Deciphering the intricate mystery of what a neural network does to work out an output is most of the time an impossible feat that has to deal with complexity, secrecy, and lack of general rules and standards. The myriad of computations and distributed input-outputs across a number of layers makes the inner mechanisms of deep learning hard to understand, to say the least, when not completely opaque to human comprehension.

This opacity prevents companies, institutions and practitioners from fully understanding the models they deploy. Moreover, it precludes the identification and correction of biases and unfair practices. As Kate Crawford, principal researcher of Microsoft Research and founder of AI Now, puts it, “algorithms are only as good as the data they are trained with and data is often imperfect”. Algorithms that learn from labeled examples are susceptible to inheriting biases existing in the training data. Not in vain, examples in which machine learning models have been shown to reproduce existing patterns of discrimination are many and varied and could have severe implications.
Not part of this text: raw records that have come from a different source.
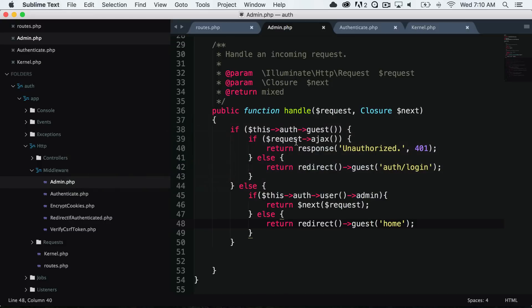You can see how powerful these HTTP middleware classes are — they make it really easy to check things before running a route. You can run middleware before or after a route, and create global or route-specific middleware. Check out more of the middleware documentation on Laravel; it is very thorough. See you in the next video.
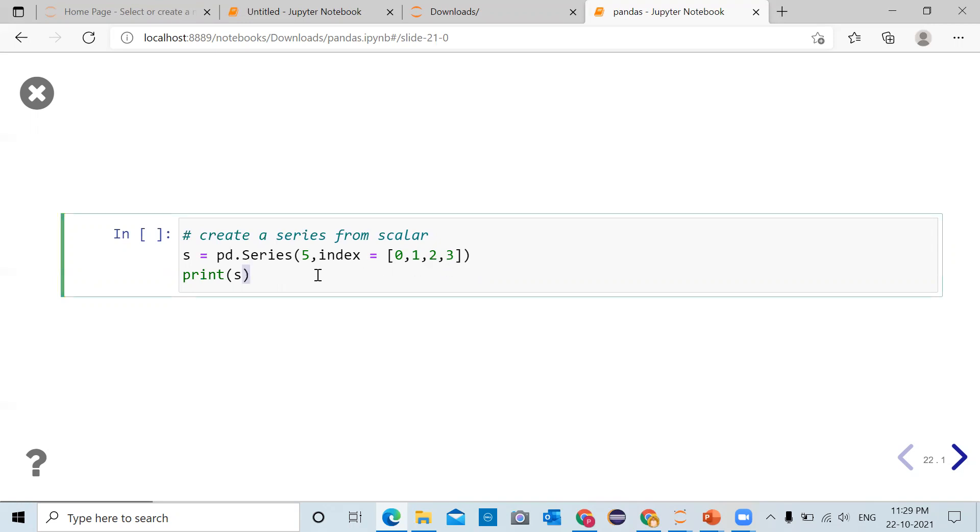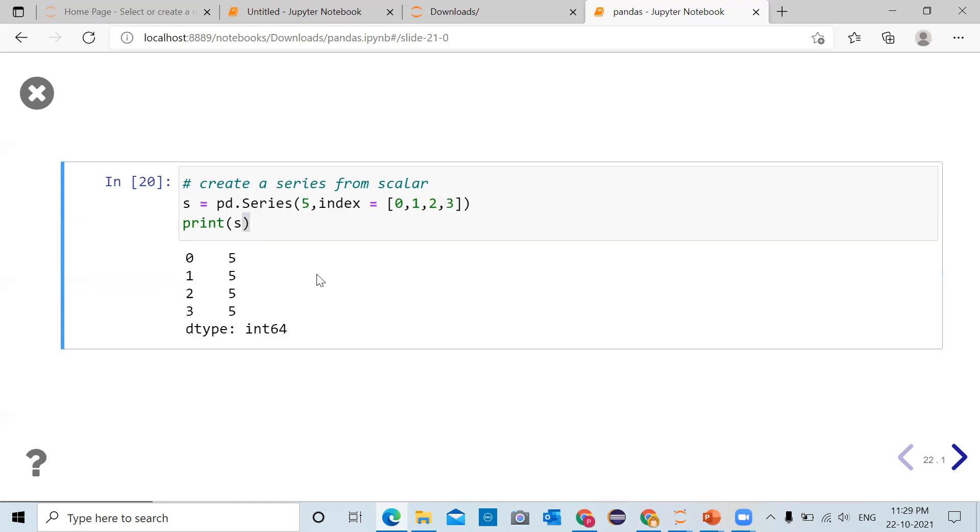When you click on the cell and run the cell you can see for index 0 it has a value 5, for index 1 it has a value 5, similarly for index 3 it has a value 5.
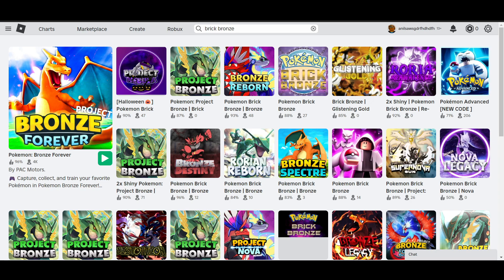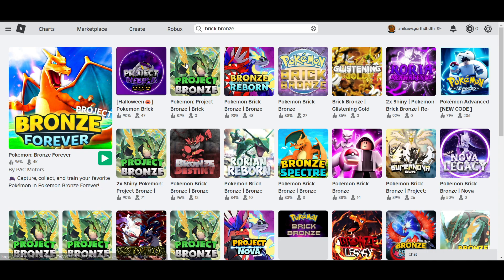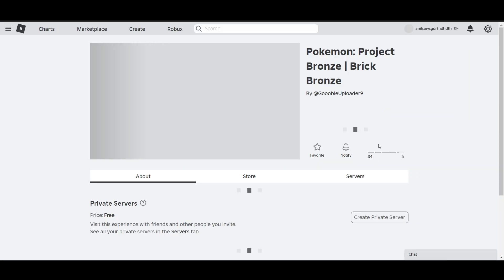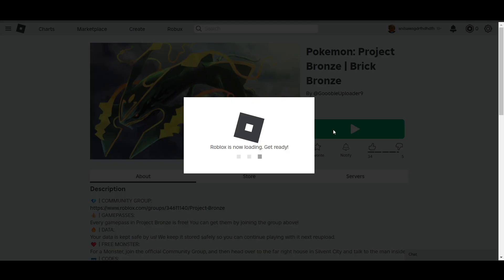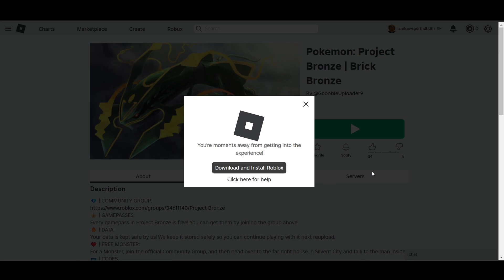How to redeem codes in Pokémon Brick Bronze. First, you have to open Pokémon Brick Bronze on Roblox. Click on one of the game listings, then click on the display icon. If you have Roblox Studio, you can play this game. Once you're inside the game, proceed to the menu.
As the justice system, the healthcare system or policymaking are increasingly intermediated by automated decisions, more and more voices have been raised to demand a strong approach to making this processes transparent, understandable and stripped of human biases or personal prejudices. Algorithms are used today to identify potentially dangerous individuals, decide who is being held without bail or distinguish between trusted and fake news in our social media feeds. The risk of making such decisions for reasons biased against sensitive attributes like gender, race or sexual orientation is too great to be overlooked. Hence, the need for understanding the data with which algorithms are trained and the logic they follow to discriminate among outputs is all the more evident insofar accountability is today, and perhaps more than ever, an ethical duty.

While many approaches to this issue are possible, understanding how models work is a necessary pre-condition towards a safe and fair automated processing. Thus the importance of machine learning interpretability, the scientific discipline that deals with explaining the processes that lead AI systems to make a certain decision. These processes are usually seen as “black-box”-es, in which inputs come in and outputs come out without a clear understanding of what happens between the two ends. Interpretability aims to shine light onto these “black-box”-es.

A research line of BBVA Data & Analytics is precisely working in a way of interpreting models that were not created ex profeso to be transparent, such as the aforementioned neural networks. The benefits of interpretability are clear: the ability to correct unfair outputs and to provide the data subjects with “meaningful information” that enables to vindicate their rights. Indeed, It is well worth remembering that the importance of making the right predictions is perhaps not as great as that of making sure that ”the right predictions are being achieved by the right reasons”.